Fragmentation of Consumer Experiences
This one is related to the cross-channel interaction issue described above, but it’s another lens applied to the same underlying challenge. Consumer behavior is evolving — there are exponentially more channels through which consumers can receive brand exposure (I picked up the phrase “cross-channel consumer” at eMetrics, which is in the running for my favorite three-letter phrase of 2010!). Some of these channels operate both as push and pull, whereas traditional media is almost exclusively “push” (marketers push their messages out to consumers through advertising):
We’re now working with an equation that has wayyyyyyyy more variables, each of which has a lesser effect than the formulas we were trying to solve when MMM first came onto the scene. HAL? Can you help? This is actually beyond a question of simply “more processing power.” It’s more like predicting what the weather will be next week — even with meteoric advancements in processing power and a near limitless ability to collect data, the models are still imprecise.
Finally, there is a chicken-and-egg problem. While there are reams of secondary research documenting the shifting of consumer behavior from offline to online consumption…many brands still disproportionately invest in offline marketing. It’s understandable — they’re waiting for the data to be able to “prove” that digital marketing works (and prove it with an unrealistic degree of accuracy — digital his held to a higher standard than offline media, and the “confusion of precision with accuracy” syndrome is alive and well). But, when digital marketing investments are overly tentative (and those investments are spread across a multitude of digital channels), the true impact of digital can’t be detected because it’s dwarfed by the impact of the massive — if less efficient — investments in offline marketing:
If I shoot a pumpkin simultaneously with a $1,500 shotgun and a $30 BB gun and ask an observer to tell me how much of an impact the BB gun had…

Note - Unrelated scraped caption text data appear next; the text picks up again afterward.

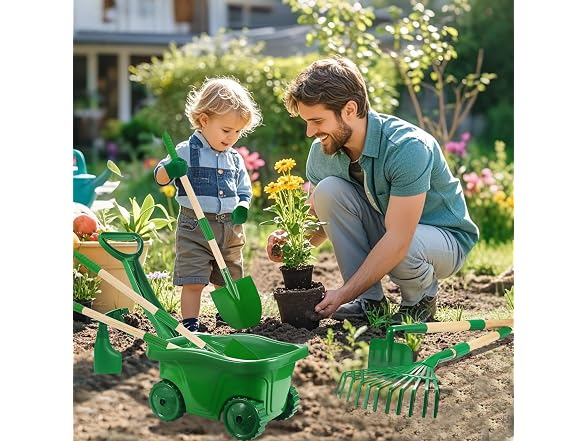 Duckura Kids Gardening Tools Set - 7pcs
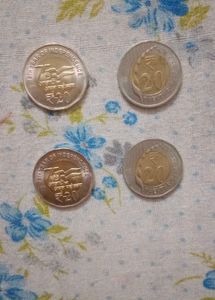 20 Rupees Coin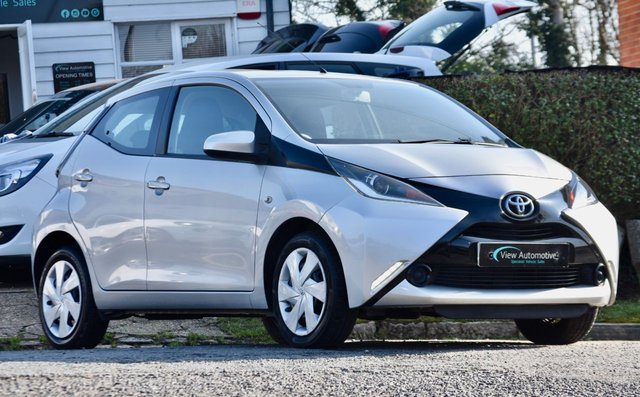 2014 64 Toyota Aygo 1.0 VVT-i x-play Hatchback 5dr Petrol Manual Euro 5 Euro 5 (68 ps)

So, Should We Just Start Operating on Faith and Instinct?
I wrote early in this post that I think MMM has its place. I don’t fully understand what that place is, but the credibility of anyone whose bread is buttered by their MMM book of business who stands up and says, “Folks, MMM has some issues,” immediately skyrockets. That’s exactly what Steve Tobias from Marketing Management Analytics (MMA) did at eMetrics. In his session, “Marketing Mix Modeling: How to Make Digital Work for a True ROI,” he talked at length about many of the same challenges I’ve described in this post (albeit in greater detail and without the use of cartoon-y diagrams). But, he went on to lay out how MMA is using traditional MMM in conjunction with panel-based data (in his examples, he used comScore for the analysis) to get “true ROI” measurement. All I’ve seen is that presentation, so I don’t have direct experience with MMA’s work in action, but I liked what I heard!